In contrast to the Cav2.2 blockers, the Cav1 blocker, TxVII, of similar fold contains very few basic residues (Fainzilber et al., 1996). Large clusters of positively charged residues that are particularly evident in the surface profiles of MVIIA and MVIIC have been replaced with hydrophobic patches in TxVII. Thus, although the overall structure of the ω-conotoxins is similar, the amino acid side chains play a major role in determining the subtype selectivity.

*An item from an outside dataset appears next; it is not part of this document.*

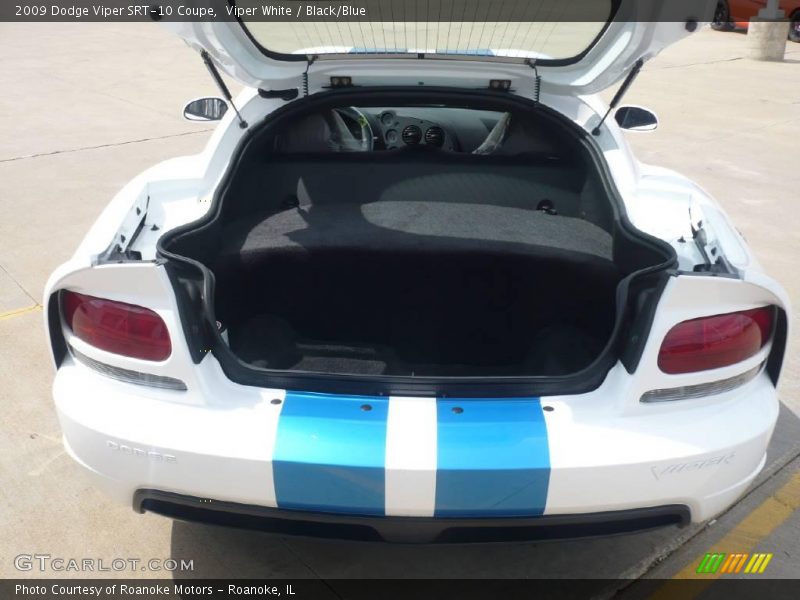 Viper White / Black/Blue 2009 Dodge Viper SRT-10 Coupe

VGCC subunit composition also plays an important role in ω-conotoxin binding and potency. In certain pain states, different subunits are up-regulated. As previously mentioned, the α2-δ auxiliary subunit is up-regulated in neuropathic pain states and decreases the potency of ω-conotoxins (Newton et al., 2001; Mould et al., 2004; Berecki et al., 2010). This effect has been suggested to be due to electrostatic shielding or repulsion around the ω-conotoxin binding site, but this has not been further investigated (Mould et al., 2004). Additionally, the β3 subunit has increased expression in neuropathic pain states, implicating this subunit as a novel therapeutic target (Li et al., 2011). The presence of this subunit has also been shown to reduce the Cav2.2 affinity of certain ω-conotoxins (Lewis et al., 2000).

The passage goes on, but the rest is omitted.